Since $f$ is entire we can write $f(z) = \sum_{n=0}^{\infty} a_n z^n$ for all $z \in \mathbb{C}$ and the equation $f'(z) = C f(z)$ leads to $$f'(z) = \sum_{n=0}^{\infty} (n +1) a_{n+1} z^{n} = C \sum_{n=0}^{\infty} a_n z^n.$$ By comparing coefficients we see that $a_1 = C a_0$, $2 a_2 = C a_1$, $3a_3 = Ca_2$, etc, so that $a_n = \frac{C^{n}}{n!} a_0$. In other words, $f(z) = \sum_{n=0}^{\infty} \frac{a_{0}}{n!} (Cz)^n = a_{0} e^{Cz}$.

Now let us prove the estimate.
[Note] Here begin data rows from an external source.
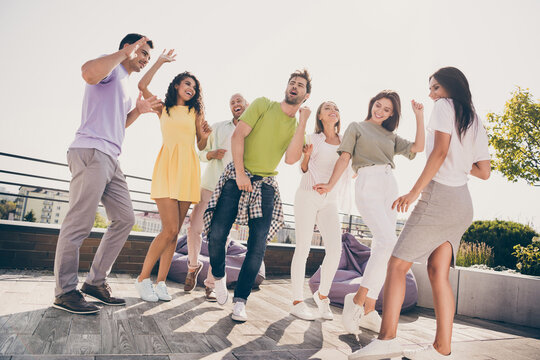 Photo of chilling pretty girls handsome guys have fun dancing party on roof terrace outside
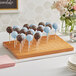 An Acopa dark brown wood skewer and cake pop holder with cake pops on a table.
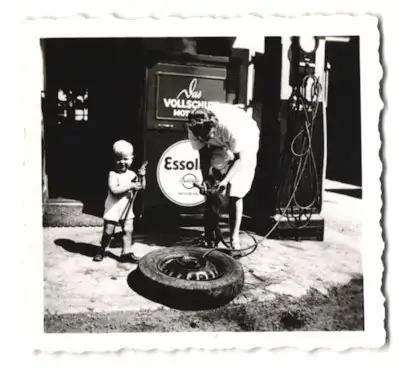 Fotografie unbekannter Fotograf und Ort, Vater mit seinen Sohn an einer Esso Tankstelle beim Reifen aufpumpen, 1942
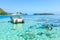 The Tourists swimming and feeding sharks and Stingrays in beautiful sea at Moorae Island, Tahiti PAPEETE, FRENCH POLYNESIA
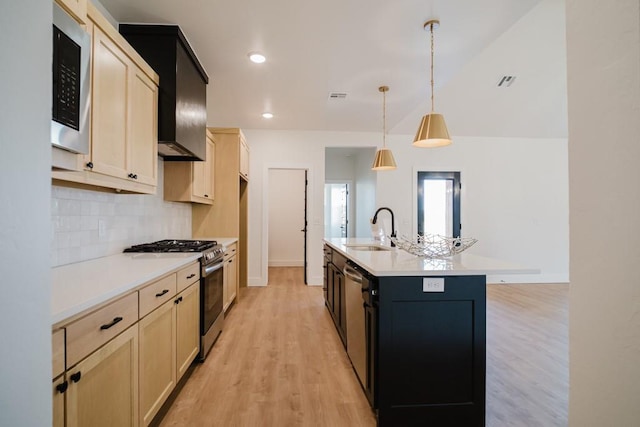 kitchen with decorative light fixtures, stainless steel appliances, sink, backsplash, and a kitchen island with sink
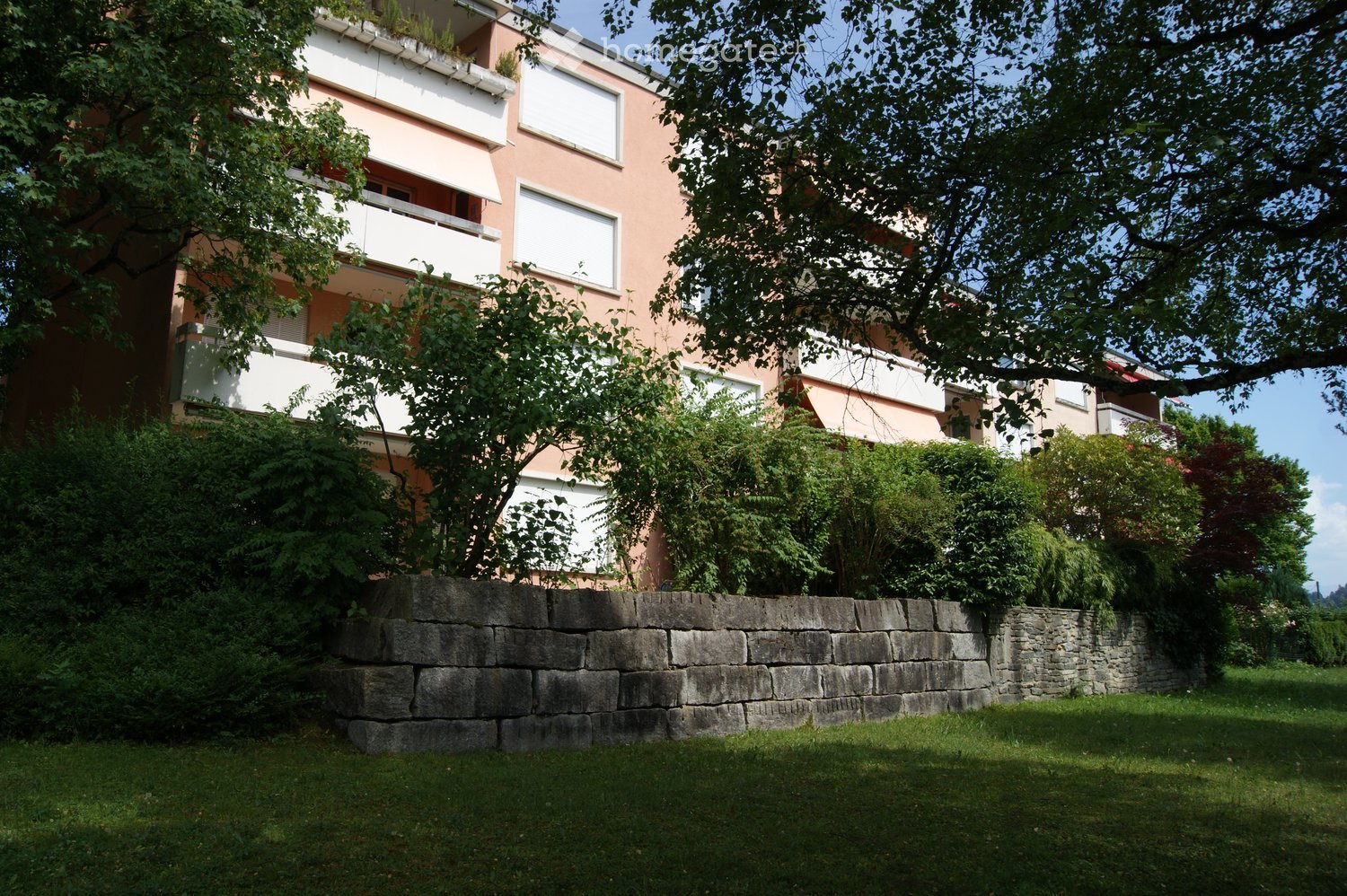 Multi-story residential building with balconies, surrounded by greenery and a stone wall.
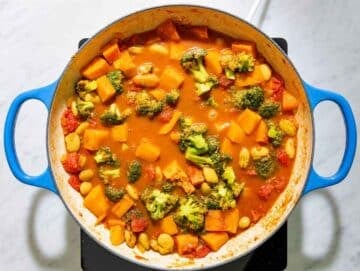 Step 2 Butter beans, diced sweet potatoes, tomatoes, and broccoli simmering together in the spiced curry sauce.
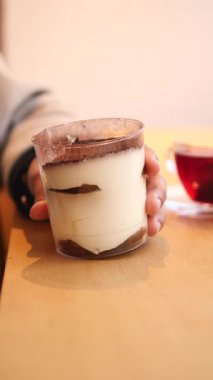 Kafe ortamında bir fincan sıcak çayla lezzetli bir katmanlı tatlının tadını çıkarmak..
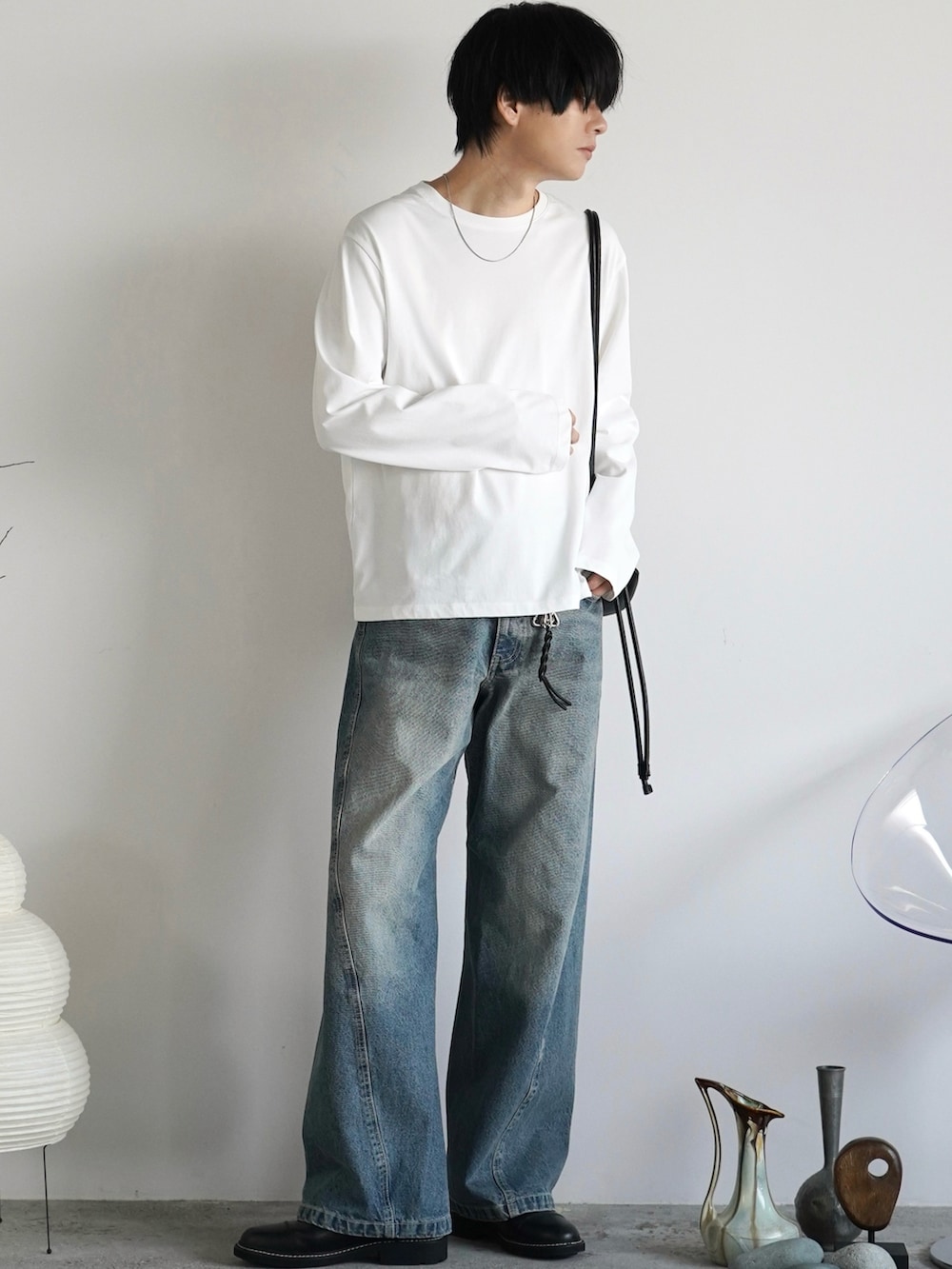 ブルー系のデニムパンツ、ホワイト系のTシャツ/カットソー、ブラック系のショルダーバッグを着用したメンズの秋コーディネートの2枚目の写真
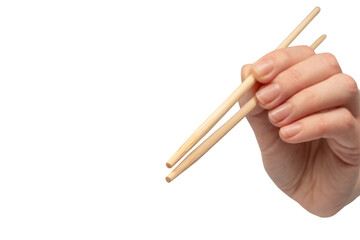 Female hand holding wooden sushi chopsticks isolated on white background.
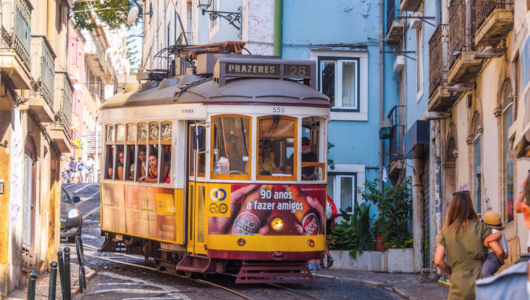 a train crossing a street in a city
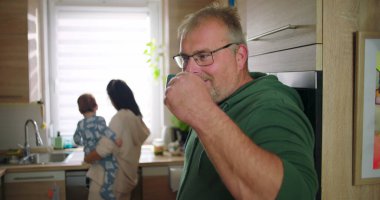 Adam elinde fincanla gülümserken, anne mutfakta bebeği tutuyor, neşeli aile anları günlük ev rutinlerinde, gündelik ve sıcak etkileşimler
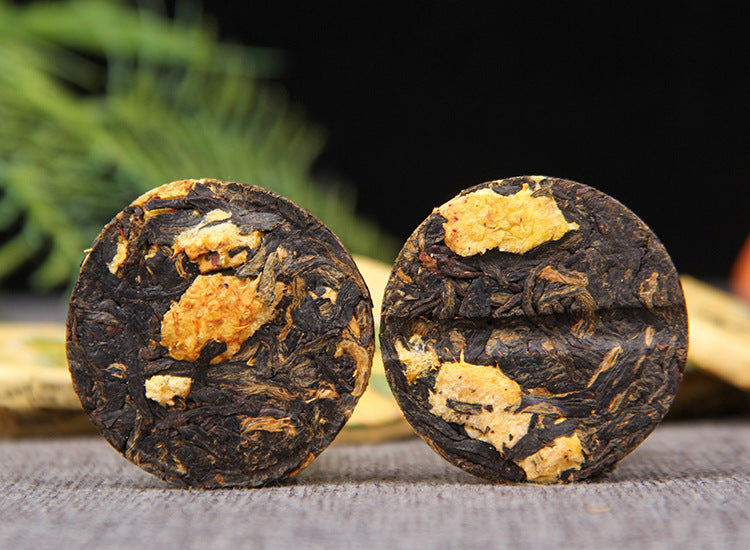 Two unwrapped Cili chestnut rose Dianhong black tea mini cakes with visible fruit pieces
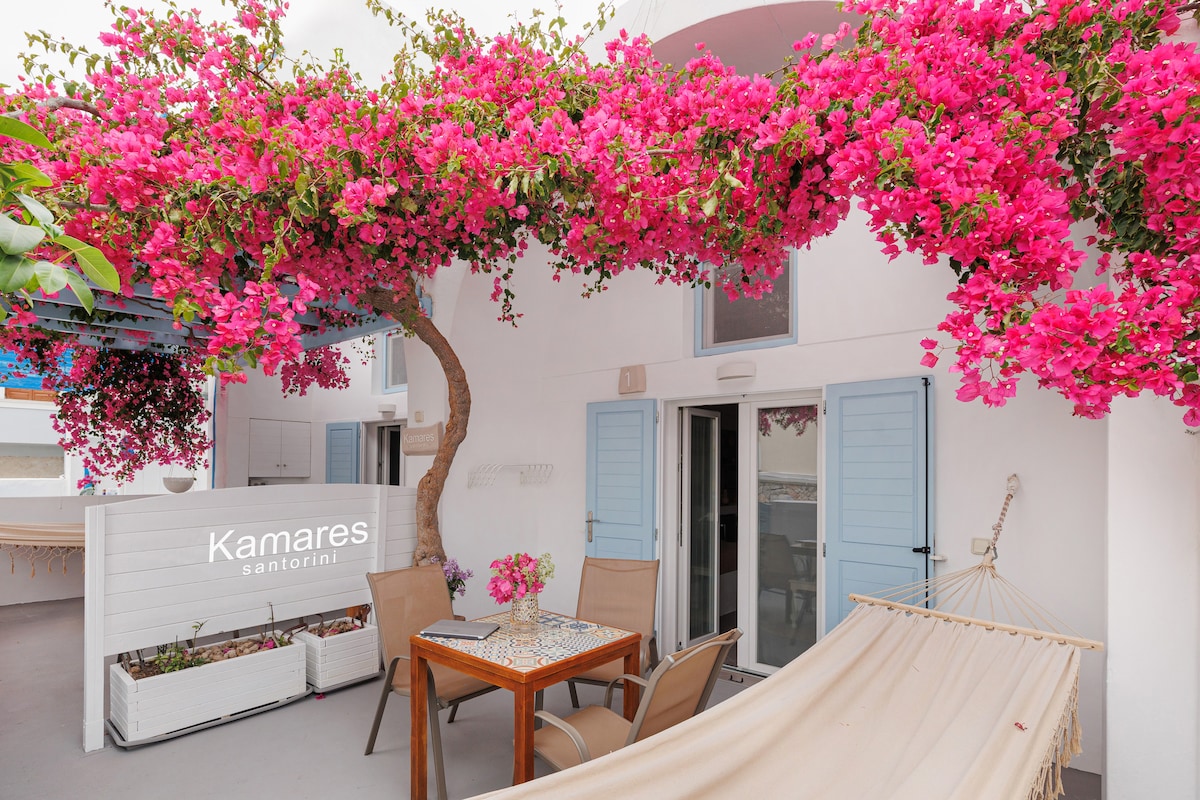 An outdoor terrace is adorned with vibrant pink bougainvillea cascading down, providing natural shade. Two chairs and a table are positioned on a light-colored floor, creating a cozy seating area. A hammock is visible, inviting relaxation in a tranquil environment.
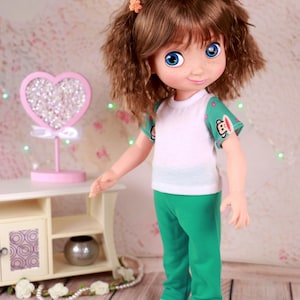 以下が含まれることがあります： 茶色の巻き毛と青い目の人形。白いTシャツに緑色の袖と緑色のズボンを着用しています。人形にはそばかすがあり、小さなピンクの花のヘアクリップを付けています。背景には、クリスタルが付いたピンクのハート型の装飾があります。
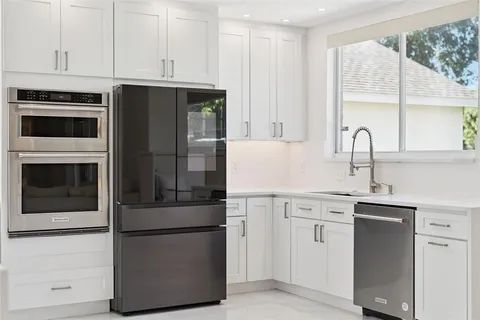 a kitchen with appliances a sink and cabinets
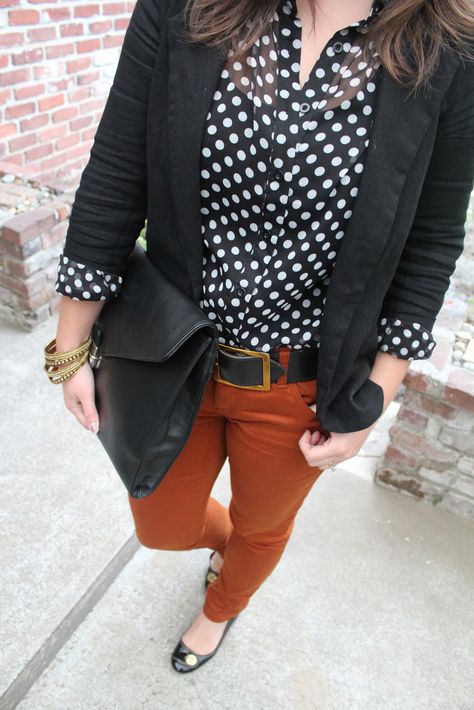 Polka dots and orange pants - just in time for fall :) Outfit With Rust Colored Pants, Black White Polka Dot Shirt Outfit, Rust Colored Pants Outfit Work, Cinnamon Pants Outfit, What To Wear With Rust Colored Pants, Rust Brown Pants Outfit, Rust Trousers Outfit, Rust Pants Outfit Work, Burnt Orange Outfit Color Combos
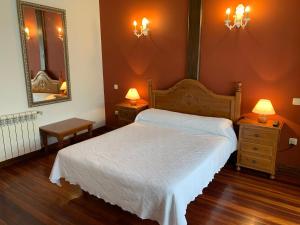 a bedroom with a white bed and two night stands at La Posada de Abanillas in Abanillas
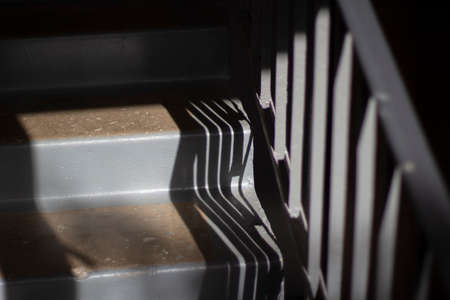Stairs inside the house. Steps made of concrete. Details of the architect of the building. Gray steps and the shadow of the railing.の写真素材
Since $C \lt 1$ we have for all $z \in \mathbb{C}$ that $$|f(z)| \leq \sum_{n=0}^{\infty} \frac{|a_0|}{n!}\,|Cz|^n \leq \sum_{n=0}^{\infty} \frac{|a_0|}{n!} |z|^n = |a_0| e^{|z|},$$ almost as we wanted. By choosing $A \gt |a_0|$ we get the desired strict inequality $|f(z)| \lt A e^{|z|}$.